**Problem requirements**
Take the entries below and reproduce exactly the portion that begins at the line containing "Portofel casual, dama, ANEKKE" and ends at the line containing "Application to Hold", keeping both ends, dropping pictures, and adding nothing else.

**Provided material**
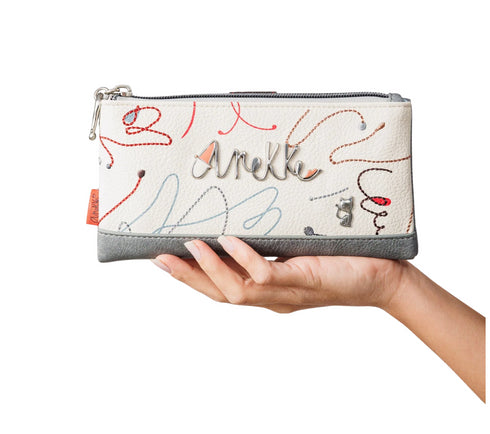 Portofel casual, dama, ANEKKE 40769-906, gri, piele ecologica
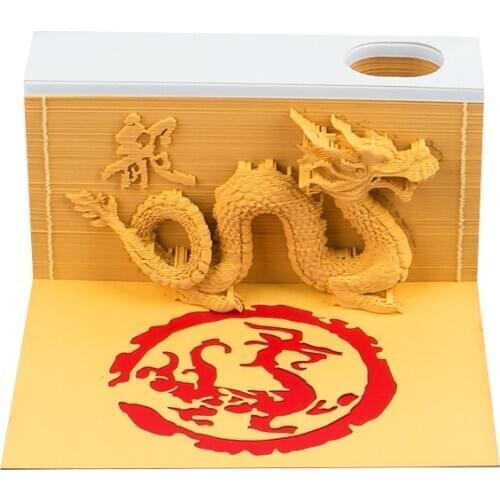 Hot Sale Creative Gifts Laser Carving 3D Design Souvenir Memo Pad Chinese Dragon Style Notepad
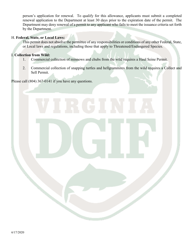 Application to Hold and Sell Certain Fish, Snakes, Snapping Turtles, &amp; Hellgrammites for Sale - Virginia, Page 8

...

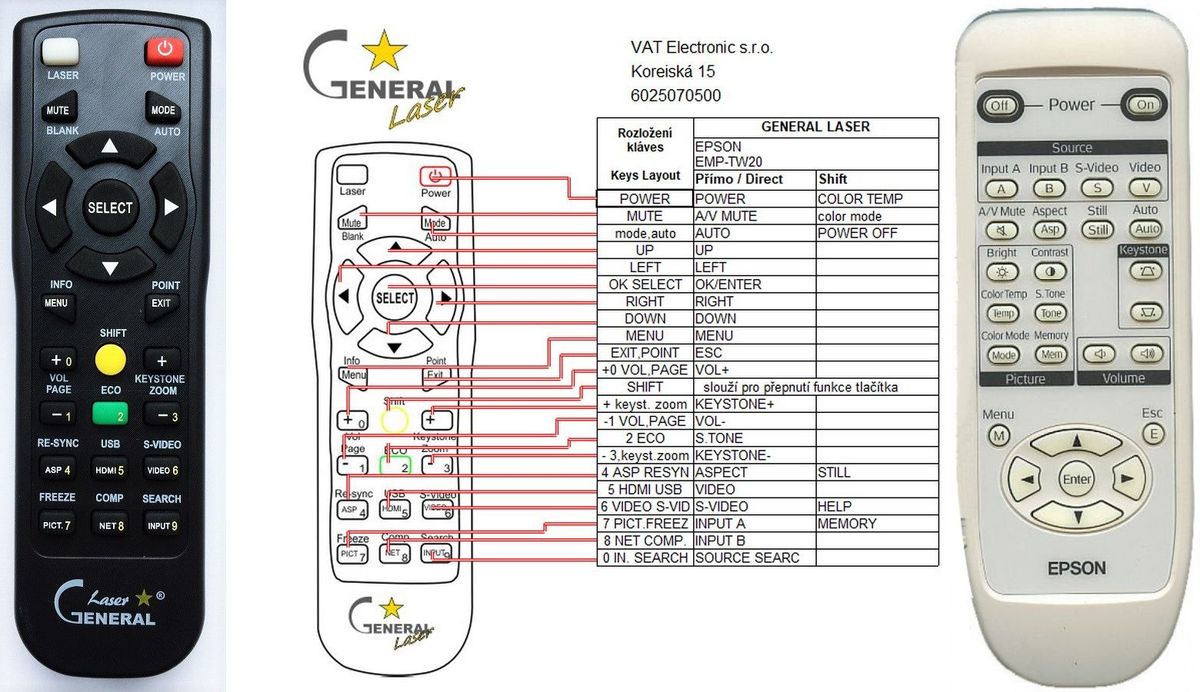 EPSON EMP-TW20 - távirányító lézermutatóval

==

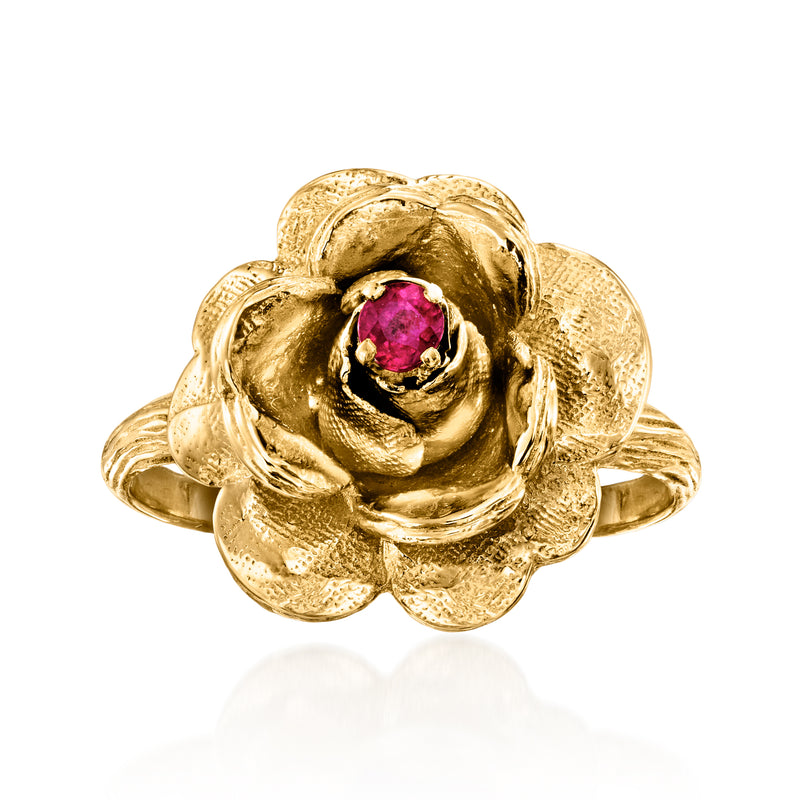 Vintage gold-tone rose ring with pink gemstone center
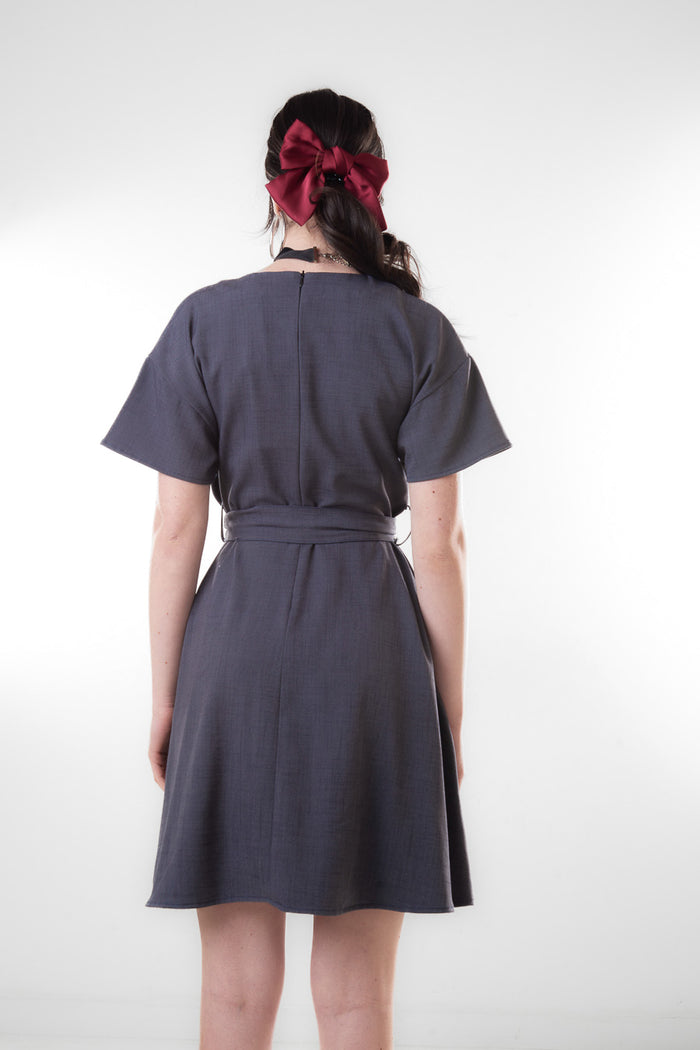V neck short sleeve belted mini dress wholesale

**Expected output**
 Portofel casual, dama, ANEKKE 40769-906, gri, piele ecologica
 Hot Sale Creative Gifts Laser Carving 3D Design Souvenir Memo Pad Chinese Dragon Style Notepad
 Application to Hold and Sell Certain Fish, Snakes, Snapping Turtles, &amp; Hellgrammites for Sale - Virginia, Page 8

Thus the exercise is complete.